WASHINGTON, August 10 – Britain’s world-renowned soccer club Manchester United has slashed the price of its US share offer, cutting the proceeds from Friday’s listing to $233 million from a hoped-for $300 million.

The fabled team, mired in debt since 2005 after a heavily leveraged takeover by the Glazer family of Miami-based investors, cut the price for the 16.7 million shares on offer to $14 late Thursday from the planned $16-20 range.

The company gave no reason for the decision but it comes amid doubts about the club’s ability to boost profits as long as it carries such a hefty debt burden — Morningstar analysts estimated a fair price at just $10.

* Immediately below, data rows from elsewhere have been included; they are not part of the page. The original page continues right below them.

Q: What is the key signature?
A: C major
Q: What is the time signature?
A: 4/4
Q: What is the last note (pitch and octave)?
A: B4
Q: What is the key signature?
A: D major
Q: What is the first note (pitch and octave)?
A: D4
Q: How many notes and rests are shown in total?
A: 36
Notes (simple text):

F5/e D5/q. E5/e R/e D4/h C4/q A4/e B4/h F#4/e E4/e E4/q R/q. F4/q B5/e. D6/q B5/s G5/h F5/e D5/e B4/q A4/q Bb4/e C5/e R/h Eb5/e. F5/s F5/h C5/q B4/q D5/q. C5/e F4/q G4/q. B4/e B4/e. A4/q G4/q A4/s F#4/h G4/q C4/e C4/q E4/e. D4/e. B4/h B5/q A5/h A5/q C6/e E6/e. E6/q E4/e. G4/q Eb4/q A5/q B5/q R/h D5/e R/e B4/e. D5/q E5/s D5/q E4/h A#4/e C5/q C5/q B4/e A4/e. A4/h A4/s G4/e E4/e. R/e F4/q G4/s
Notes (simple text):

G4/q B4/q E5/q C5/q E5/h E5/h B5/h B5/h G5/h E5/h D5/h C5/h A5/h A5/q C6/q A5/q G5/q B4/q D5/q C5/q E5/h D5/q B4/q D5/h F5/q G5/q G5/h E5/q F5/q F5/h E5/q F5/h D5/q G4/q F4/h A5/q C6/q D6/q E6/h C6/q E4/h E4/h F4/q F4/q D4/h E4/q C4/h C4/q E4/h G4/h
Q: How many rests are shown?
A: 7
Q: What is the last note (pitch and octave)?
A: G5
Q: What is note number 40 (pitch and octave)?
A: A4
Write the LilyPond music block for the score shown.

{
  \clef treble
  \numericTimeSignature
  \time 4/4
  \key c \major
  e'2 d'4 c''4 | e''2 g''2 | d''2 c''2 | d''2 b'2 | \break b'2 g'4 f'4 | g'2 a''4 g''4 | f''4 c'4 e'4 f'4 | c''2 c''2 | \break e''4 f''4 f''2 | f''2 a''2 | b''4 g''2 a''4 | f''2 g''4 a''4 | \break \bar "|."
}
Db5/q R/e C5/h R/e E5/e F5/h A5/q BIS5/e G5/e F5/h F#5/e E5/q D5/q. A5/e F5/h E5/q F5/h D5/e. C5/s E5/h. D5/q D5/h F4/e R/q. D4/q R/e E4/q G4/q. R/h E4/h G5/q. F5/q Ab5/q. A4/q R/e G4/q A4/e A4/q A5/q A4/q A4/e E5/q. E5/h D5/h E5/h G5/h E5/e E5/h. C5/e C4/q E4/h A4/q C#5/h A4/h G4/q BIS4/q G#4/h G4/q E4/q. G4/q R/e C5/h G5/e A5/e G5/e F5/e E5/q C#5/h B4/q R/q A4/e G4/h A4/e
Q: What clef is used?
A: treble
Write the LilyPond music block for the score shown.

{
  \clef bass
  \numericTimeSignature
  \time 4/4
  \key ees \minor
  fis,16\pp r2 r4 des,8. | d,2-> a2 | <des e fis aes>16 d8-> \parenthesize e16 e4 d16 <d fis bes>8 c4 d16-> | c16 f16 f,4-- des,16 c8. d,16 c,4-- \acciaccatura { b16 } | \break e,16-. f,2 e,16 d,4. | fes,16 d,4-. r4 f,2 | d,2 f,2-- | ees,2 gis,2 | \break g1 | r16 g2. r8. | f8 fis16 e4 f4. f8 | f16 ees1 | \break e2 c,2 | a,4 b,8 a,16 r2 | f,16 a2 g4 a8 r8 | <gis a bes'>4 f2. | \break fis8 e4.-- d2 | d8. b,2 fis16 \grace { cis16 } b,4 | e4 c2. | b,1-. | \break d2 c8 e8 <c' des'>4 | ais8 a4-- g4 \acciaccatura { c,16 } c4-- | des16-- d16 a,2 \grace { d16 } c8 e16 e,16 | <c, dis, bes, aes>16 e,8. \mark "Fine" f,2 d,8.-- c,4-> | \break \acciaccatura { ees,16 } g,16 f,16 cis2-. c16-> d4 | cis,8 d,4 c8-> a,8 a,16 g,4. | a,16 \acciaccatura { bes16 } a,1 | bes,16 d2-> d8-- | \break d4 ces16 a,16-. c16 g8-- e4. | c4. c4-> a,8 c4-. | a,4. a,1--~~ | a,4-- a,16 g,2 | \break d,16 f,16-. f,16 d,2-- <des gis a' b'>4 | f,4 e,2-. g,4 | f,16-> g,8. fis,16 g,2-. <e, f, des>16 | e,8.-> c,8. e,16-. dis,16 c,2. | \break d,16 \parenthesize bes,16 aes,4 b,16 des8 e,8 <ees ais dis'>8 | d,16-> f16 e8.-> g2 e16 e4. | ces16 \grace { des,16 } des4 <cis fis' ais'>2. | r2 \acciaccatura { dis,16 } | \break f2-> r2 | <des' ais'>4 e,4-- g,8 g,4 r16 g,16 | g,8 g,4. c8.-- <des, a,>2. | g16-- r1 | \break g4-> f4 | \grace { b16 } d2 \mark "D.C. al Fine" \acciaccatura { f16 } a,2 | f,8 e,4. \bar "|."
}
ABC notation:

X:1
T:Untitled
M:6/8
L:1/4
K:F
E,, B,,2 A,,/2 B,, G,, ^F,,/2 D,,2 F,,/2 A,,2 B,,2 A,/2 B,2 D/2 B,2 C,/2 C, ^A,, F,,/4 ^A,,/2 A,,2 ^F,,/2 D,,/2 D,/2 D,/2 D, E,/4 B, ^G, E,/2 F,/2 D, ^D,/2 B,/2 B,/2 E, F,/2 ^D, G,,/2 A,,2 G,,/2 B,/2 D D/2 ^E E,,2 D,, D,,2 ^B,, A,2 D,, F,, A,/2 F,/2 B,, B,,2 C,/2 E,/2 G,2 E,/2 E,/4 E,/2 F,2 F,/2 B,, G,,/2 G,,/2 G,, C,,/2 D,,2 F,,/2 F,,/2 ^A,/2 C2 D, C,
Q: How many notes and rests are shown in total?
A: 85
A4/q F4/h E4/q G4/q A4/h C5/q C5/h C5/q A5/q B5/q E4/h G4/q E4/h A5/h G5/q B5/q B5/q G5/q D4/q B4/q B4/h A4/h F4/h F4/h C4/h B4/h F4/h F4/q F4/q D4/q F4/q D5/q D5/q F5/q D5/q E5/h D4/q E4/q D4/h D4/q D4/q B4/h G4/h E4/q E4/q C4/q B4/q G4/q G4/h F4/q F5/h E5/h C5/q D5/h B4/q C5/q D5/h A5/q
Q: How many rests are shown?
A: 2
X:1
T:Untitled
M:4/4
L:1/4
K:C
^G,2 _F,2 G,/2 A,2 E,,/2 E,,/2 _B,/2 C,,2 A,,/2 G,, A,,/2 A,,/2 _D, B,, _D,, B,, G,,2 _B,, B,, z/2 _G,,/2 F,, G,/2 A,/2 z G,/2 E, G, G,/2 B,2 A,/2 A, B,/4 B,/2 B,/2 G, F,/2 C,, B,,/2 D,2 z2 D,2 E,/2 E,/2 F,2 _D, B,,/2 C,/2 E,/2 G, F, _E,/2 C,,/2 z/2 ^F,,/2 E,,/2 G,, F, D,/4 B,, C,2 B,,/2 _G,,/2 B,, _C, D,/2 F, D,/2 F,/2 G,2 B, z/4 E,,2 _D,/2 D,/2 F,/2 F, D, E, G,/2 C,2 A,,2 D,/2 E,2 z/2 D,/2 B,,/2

Investors have also become wary about aggressively priced initial public offerings after the much-promoted Facebook launch soured, with the social networking giant’s shares slumping by nearly half since its May 18 listing.

Critics assailed the Glazers’ plan to allocate just half of the IPO proceeds to reducing the team’s current 423-million-pound ($660 million) debt burden.

The other half will go to the Glazers themselves, who are contributing 8.33 million shares to the IPO.

In addition, despite putting 10 percent of the shares of Manchester United Ltd. on sale, the Glazers will retain 97 percent voting control of the listed company via their lock on its “B” shares, which have 10 times the voting power of the “A” shares being sold to the public.

That arrangement reportedly caused regulators in Hong Kong and Singapore to balk at a listing in their markets where the club had hoped to tap the interest of tens of millions of Asian fans.

Spreadex trader Shavaz Dhalla in London highlighted the issue of control.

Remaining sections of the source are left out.